Have you ever watched the Big Bang Theory? It’s really about a bunch of geeks. But these days it’s hip to be a geek, because geeks can do something very well. In the case of the Big Bang Theory, it’s Physics, and the characters on that show are really good at it — enough to be conducting research and discovering whole new areas within the field.
In today’s explosive information age, it is very important to do one thing very well. It’s not good enough to know a little of everything because there’s too much of everything to know. And that is the key difference between a geek and a nerd. A geek is focused and perhaps obsessed with doing one thing really well — be it hacking a computer or finding the secrets of the universe. A nerd, on the other hand, is a little interested in everything. You know those people who bore you to death at parties by giving you a lecture about any topic you choose to show you that they know about them.

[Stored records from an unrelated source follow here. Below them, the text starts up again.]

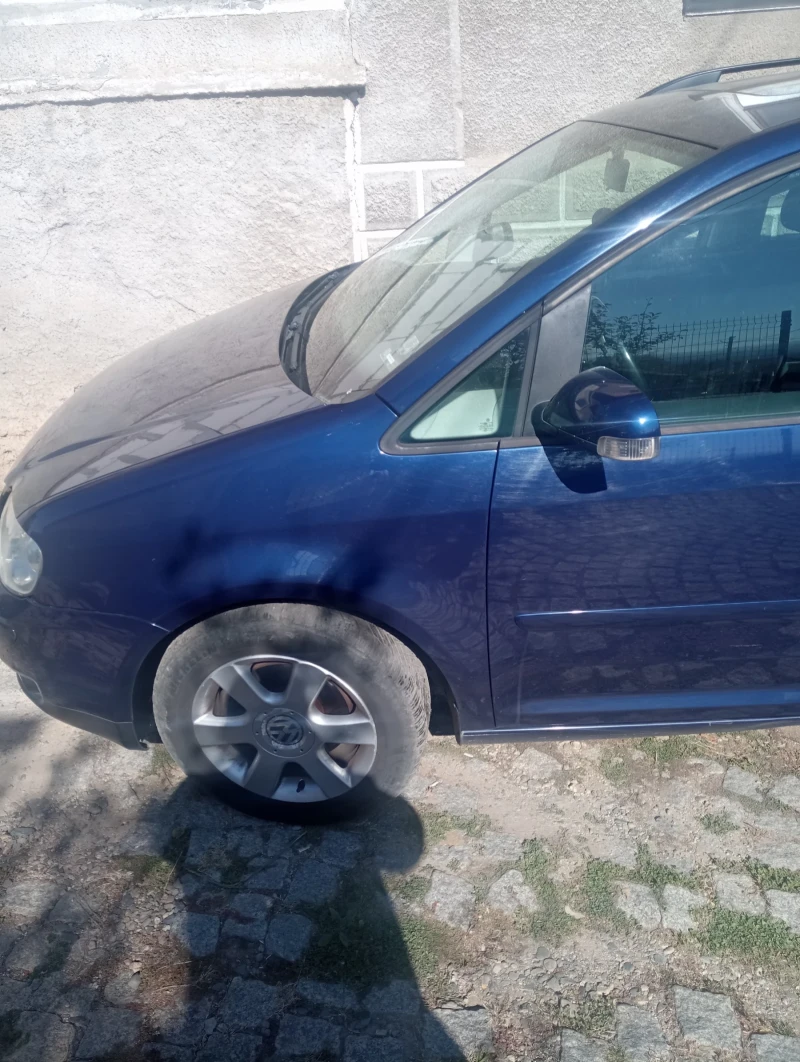 VW Touran, снимка 3 - Автомобили и джипове - 47865156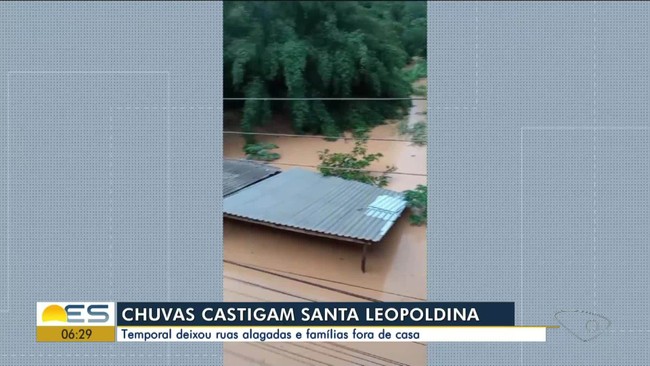Temporal deixa ruas alagadas e famílias fora de casa em Santa Leopoldina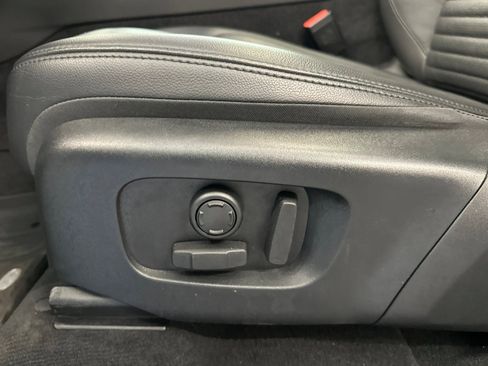 Used 2024 Land Rover Discovery Sport S image 17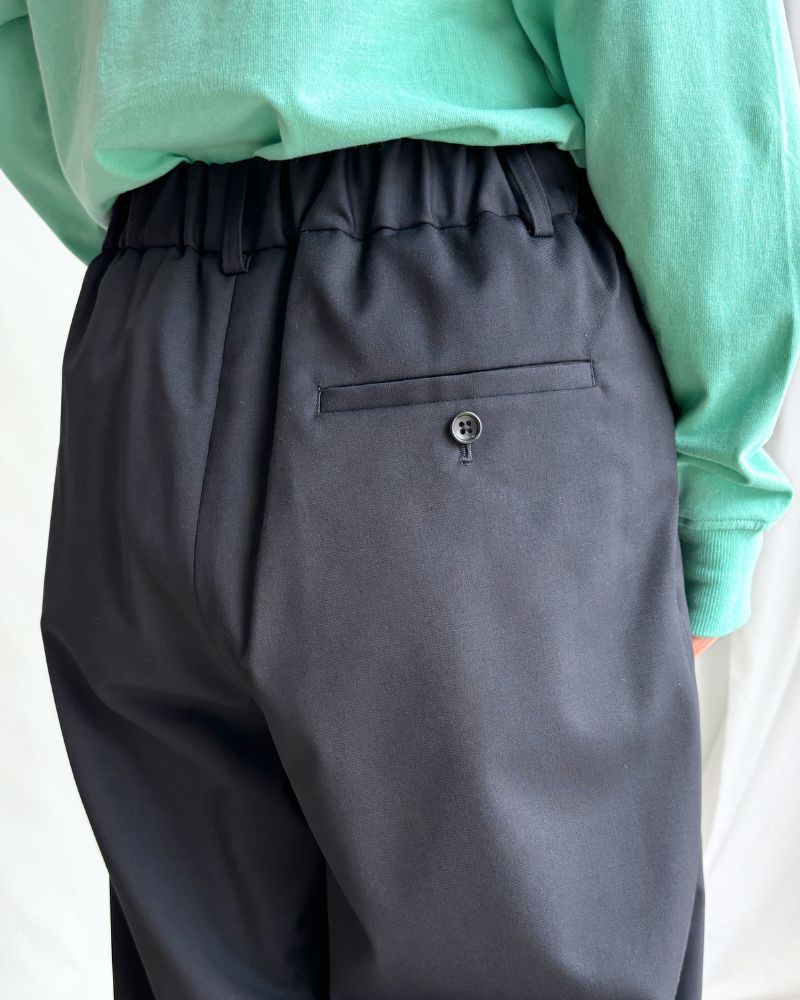 SAND-TRO Tucked Wide Pants in Navy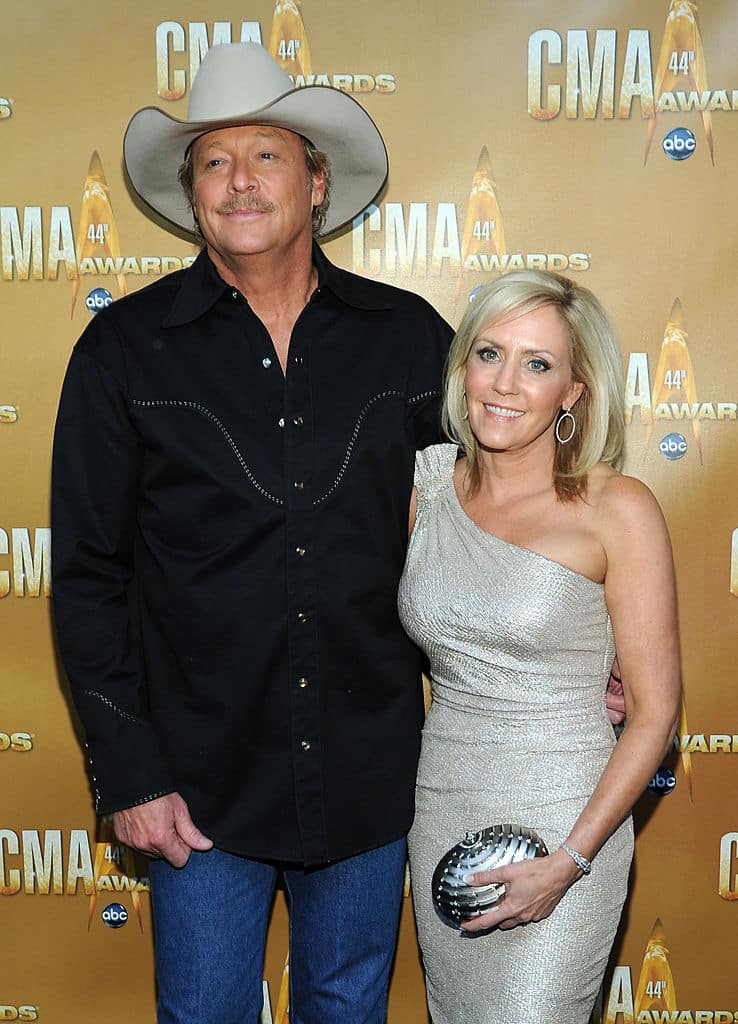 Who is Denise Jackson? All About Alan Jackson's Wife — citiMuzik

I remember a funny saying that we had in college. It was that the definition of a nerd was “somebody interested in everything in the world except clothes.” Even in college, we knew it wasn’t really beneficial to know something about everything, but it was very important to know about clothes and how to dress.
It’s true that there is a psychological underpinning for this geek vs. nerd comparison. Our brains actually transform as we get older. As children, we have what is called “fluid intelligence”, which is the ability to grasp and understand entirely new knowledge. In adulthood we have what is called “crystallized intelligence”, which is the ability to comprehend information that is similar to what we already know.
We marvel at a child’s unbounded curiosity. They can study every flower and insect they come across with wide eyes. But if an adult examined ever flower and insert he or she came across with wide eyes, we would consider that person a little weird, if not completely crazy. Children need fluid intelligence to better understand their new world, but adults need crystallized intelligence to learn in a more specific way that helps them be more productive at their jobs and at living an independent life.
So, if you think that a geek and a nerd are the same thing — the ones getting wedgies and bullied on the playground, think again. It is the geeks who are the rock starts of the 21st century, but the nerds will remain what they have always been — nerds.